High Availability Considerations docs outdated

nijave commented 3 months ago

Is this a BUG REPORT or FEATURE REQUEST?

Choose one: BUG REPORT

Versions

kubeadm version (use kubeadm version):

kubeadm version: &version.Info{Major:"1", Minor:"29", GitVersion:"v1.29.3", GitCommit:"6813625b7cd706db5bc7388921be03071e1a492d", GitTreeState:"clean", BuildDate:"2024-03-15T00:06:16Z", GoVersion:"go1.21.8", Compiler:"gc", Platform:"linux/amd64"}

Environment:

Kubernetes version (use kubectl version):

Client Version: v1.29.2
Kustomize Version: v5.0.4-0.20230601165947-6ce0bf390ce3
Server Version: v1.29.2

Cloud provider or hardware configuration: Ubuntu VMs

OS (e.g. from /etc/os-release):

PRETTY_NAME="Ubuntu 22.04.4 LTS"
NAME="Ubuntu"
VERSION_ID="22.04"
VERSION="22.04.4 LTS (Jammy Jellyfish)"
VERSION_CODENAME=jammy
ID=ubuntu
ID_LIKE=debian
HOME_URL="https://www.ubuntu.com/"
SUPPORT_URL="https://help.ubuntu.com/"
BUG_REPORT_URL="https://bugs.launchpad.net/ubuntu/"
PRIVACY_POLICY_URL="https://www.ubuntu.com/legal/terms-and-policies/privacy-policy"
UBUNTU_CODENAME=jammy

Kernel (e.g. uname -a):

Linux vmubtkube-a01 5.15.0-1054-kvm #59-Ubuntu SMP Thu Mar 14 16:03:41 UTC 2024 x86_64 x86_64 x86_64 GNU/Linux

Container runtime (CRI) (e.g. containerd, cri-o): cri-o
Container networking plugin (CNI) (e.g. Calico, Cilium): Calico
Others:

What happened?

haproxy was still including nodes which returned non 200 health checks. I attempted to troubleshoot but there's been significant changes since haproxy v2.1 so documentation isn't readily available. It seems most likely the health check was running over HTTP (plaintext) and ignoring the returned 400 error code. In addition, haproxy v2.1 is no longer officially supported.

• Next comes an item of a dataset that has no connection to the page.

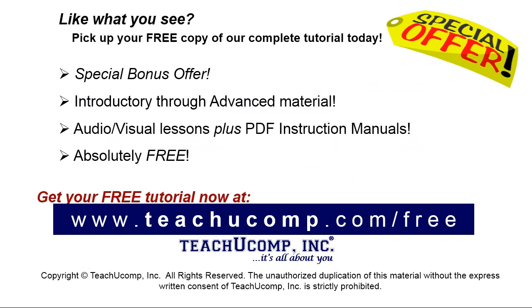Like what you see? Pick up your free copy of the complete tutorial at www.teachyoucomp.com forward slash free.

I also observed the very low timeouts in haproxy lead to frequent termination of kubectl ... -w and kubectl logs -f

Edit: I think it may also be possible that ssl-hello-chk option in the guide is overriding httpchk which would also explain the behavior I was seeing. https://cbonte.github.io/haproxy-dconv/2.1/configuration.html#5.2-check

https://endoflife.date/haproxy

What you expected to happen?

The guide to provide a setup using software still supported (patched) by the vendor

How to reproduce it (as minimally and precisely as possible)?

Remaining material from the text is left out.